* _Collected material_
************

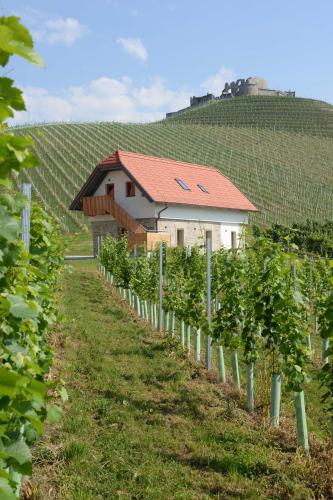 Skats, Weingut Taggenbrunn in St. Georgen Am Langsee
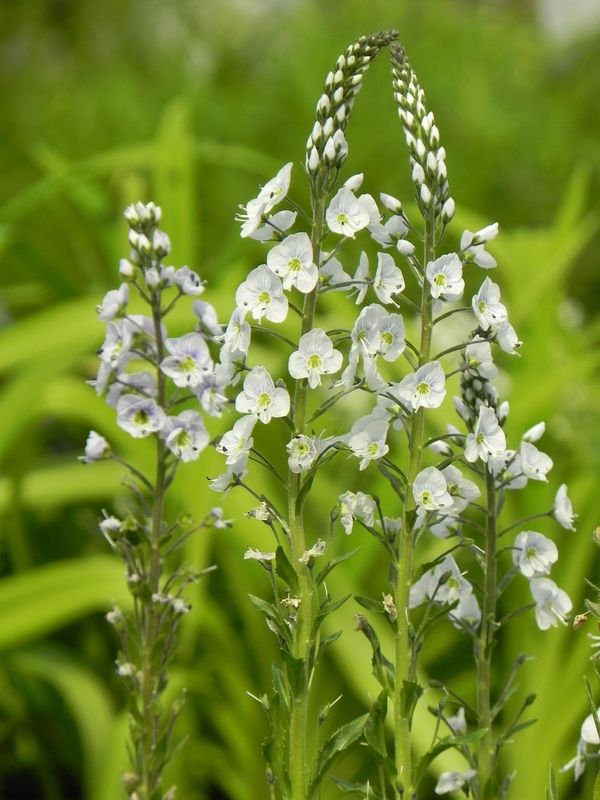 Veronica gentianoides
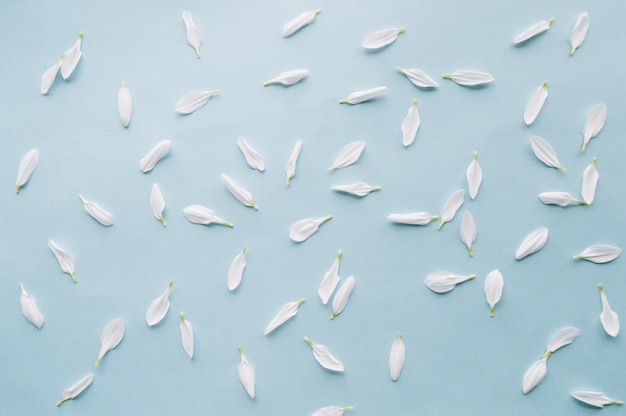 Weiße Blütenblätter über einem hellblauen Hintergrund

************

* _Your goal_
Output all lines above precisely. Pictures are to be left out.

* _Written solution_
 Skats, Weingut Taggenbrunn in St. Georgen Am Langsee
 Veronica gentianoides
 Weiße Blütenblätter über einem hellblauen Hintergrund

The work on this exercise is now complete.